Remil atılan şuydu: Bu yepyeni dünyayı kurma iddiasıyla ortaya çıkanların iktidarı ve onun eliyle kurmaya girişip enikonu ete kemiğe bürünür duruma getirdikleri dünyaları çok sürmez, süremez. Burada birtakım sözüm ona “bilimsel” görünümlü kestirimler de bulunmakla birlikte, asıl, toplu bir yakarış seansı söz konusuydu: Sürmez, süremez tanrım, sürerse biz ne yaparız, sen bizi koru!

Sonuç olarak, sürmedi işte!
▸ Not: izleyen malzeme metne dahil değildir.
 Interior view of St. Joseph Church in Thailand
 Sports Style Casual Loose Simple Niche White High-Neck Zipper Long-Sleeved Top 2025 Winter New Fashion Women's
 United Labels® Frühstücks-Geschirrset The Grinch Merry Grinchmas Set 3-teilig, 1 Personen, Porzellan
Tanrı dualarını kabul etmiş olmalı!

O çaresiz duacıların bile neredeyse tümden umudu kestikleri bir zamanda, onları dehşete düşüren iktidarlar ve kurmaya giriştikleri yapı hızla, toplumların değil bireylerin ömürleri için de çok hızlı sayılabilecek bir sürede çürüdü ve sıkı bir darbeye bile gerek kalmadan, düpedüz bir üfürükle çöktü.

O kurulma iddiası ile girişilenin sosyalizmle ilgisi yoktu, o iddiayla yola çıkanlar da işçi sınıfı ve onun temsilcileri değillerdi; daha işin başındaki belli bir aşamadan sonra değillerdi.

Böyle diyenler oldu.

Bu tür bir bakış, değerlendirme, açıklama, inanç, her neyse, son derece rahatlatıcıydı. Kaybetmedik, kaybedenler biz değiliz, demenin Arapçası. Kaybeden biz olmadığımız için üstümüze alınmanın, tasalanmanın da alemi yok. Rahat edebiliriz.

Belki en sondaki “rahat edebiliriz” kısmı dışında, aşağı yukarı budur. Hiç değilse, böyle bir özet yapılabilir.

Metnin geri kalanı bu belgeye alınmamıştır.